Ugh.. This whole holiday has been a total bummer. A one month holiday dragged on in a mind numblingly boring manner. I was looking forward for this time to come and whoosh its almost over and I suddenly realized there’s only 2 weeks left to go!!! Funny how time flies.. Ahhh life’s sooo unfair.. first of all it was the exam burden which made me cram my head over everything just to make sure I end up with decent grades so I can end up going home safe.. and no my parents aren’t demons, they are very understanding folks ive ever come across.. but still I don’t wanna let them down..(dutiful daughter eh? lol) and the task wasn’t any easier (like DUH!!) after so much of effort to revise a whole lotta stuff with so little time, with so many days of hard work put in to it and weeks of sleepless nights and suffering just to keep in mind some stuff which I don’t see will help me in any way in the future.
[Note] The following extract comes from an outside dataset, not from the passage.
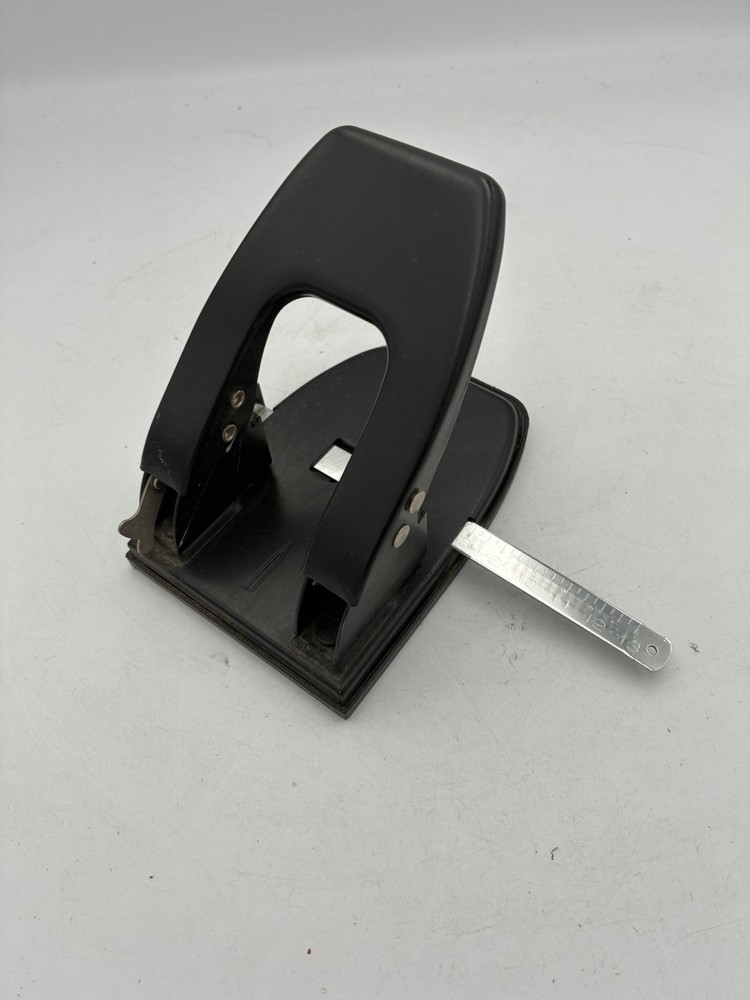 Heavy-Duty 2 Hole Punch 20 Sheets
I sooo hate the government for making us go through all this rat race which is so frustrating and overwhelming.. So basically I needed this holiday to chill and refresh myself and my mind from everything I went through during the last few weeks of the term.. hmph..
I thought the definition of a holiday was a period of recreation, a fabulous time filled with heavenly gestures and moments. Which includes meeting up with a clique of friends for a movie or hanging out for lunch with the gang or walk on the beach and end up chasing each other or go for a game or something like that!! But instead im spending my holidays going for tuition/extra/ revision classes every waking moment and coming home dead tired at the end of each day, doing home work, pass papers, projects, getting ready for mock exams and again waking up the next morning for another days proceeds of classes. And this aint the holiday I was craving for..!! ARRRGHH..!!
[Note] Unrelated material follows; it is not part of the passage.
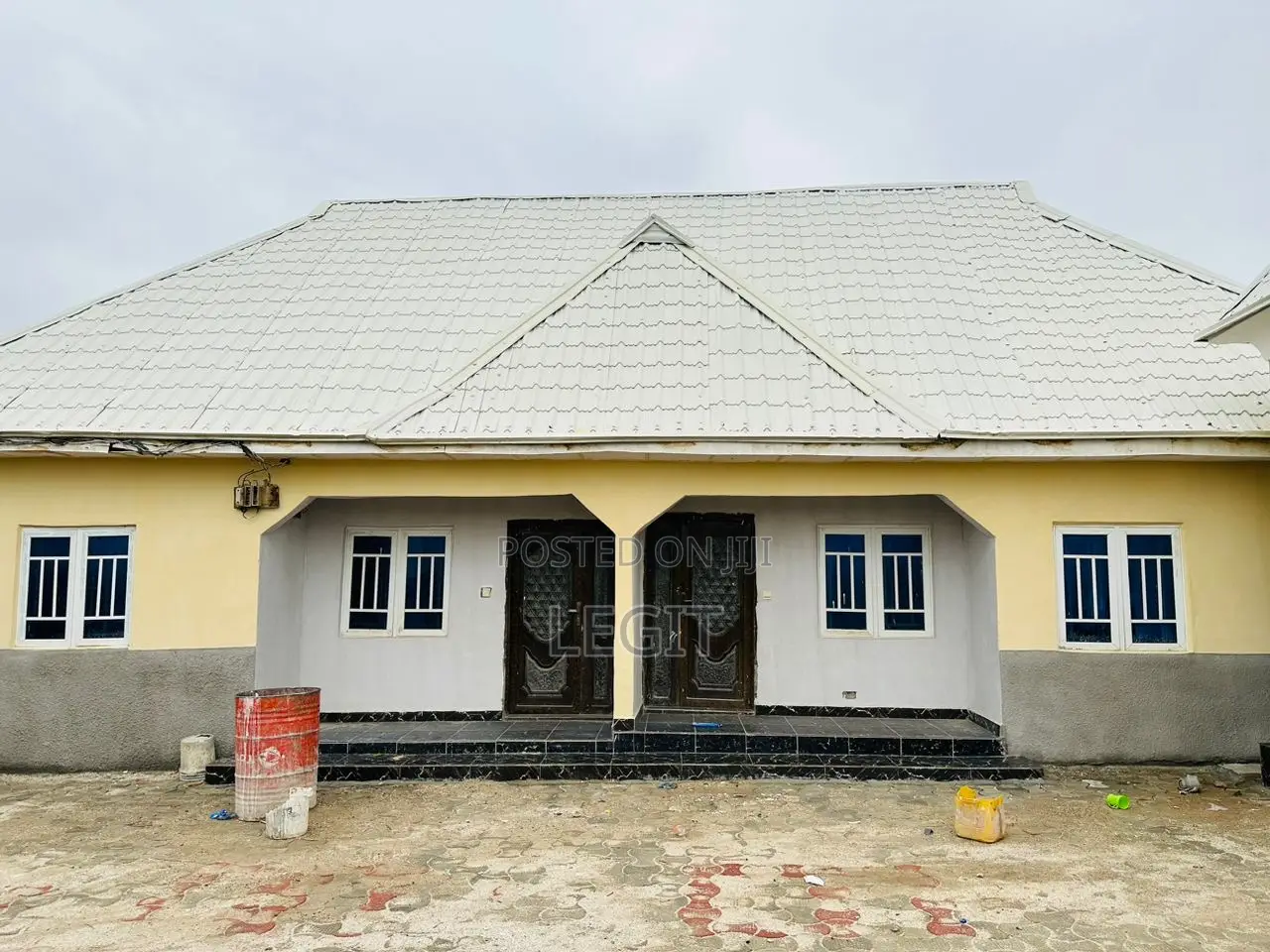 3bdrm Block of Flats in Minna for sale in Minna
Life is truly a battle and im figuring out how hard it is to survive by simply fighting them all, I seriously cant take it anymore its just a goal after another and I don’t see an end towards it.. or maybe I should go to sleep one day and never end up waking the next day, or I wish I had some invisible power where I can hide my self from the rest of the world when I need to orr some extraordinary power which would help me to slide over the realities of life. Seriously I had enough.. I very badly need a break. I’m getting bored with coming to the same house, and sitting around the whole day doing nothing at all. I feel like im gonna loose my mind and forget the grounds im standing on. and yes.. Im writing this with bitterness, anger and a whole lot more negative attitudes.
Hmmm.. its pointless whining over things, I might as well live it up..!! this is what life is and this is what it has in store for me.. anyway penning this down made me feel a whole lot better. So being all positive like the saying its not the meek who shall inherit the earth, its the fighters..!! so i hope one day this will pay off and ill wait for that one day to come soon..=)
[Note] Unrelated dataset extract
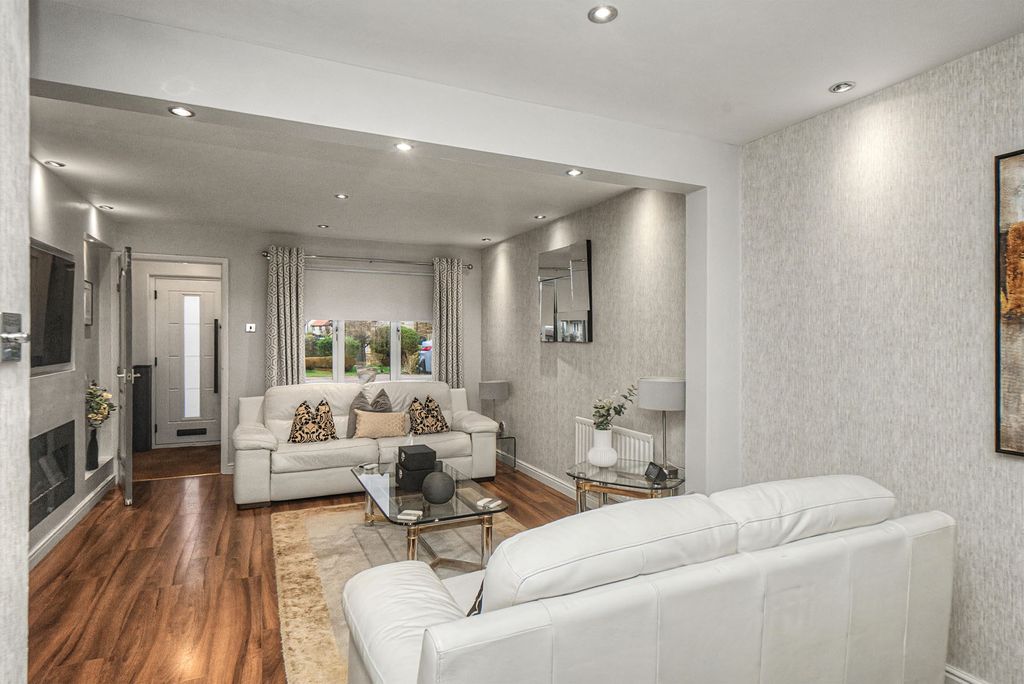 Property photo 2 of 14 Property Image 2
And yup.., this morning, I felt so good coz I had a good dose of sleep (haha.. no classes
) and spent most of the time chatting to my wonky pals online while listening to some soothing, surreal melodies.. alas got some time to relax away after a loong time.. I have more good news, planned a get together with friends to catch up with stuff at my place on Thursday so waiting eagerly for that.. me gonna have a blast woohoo!!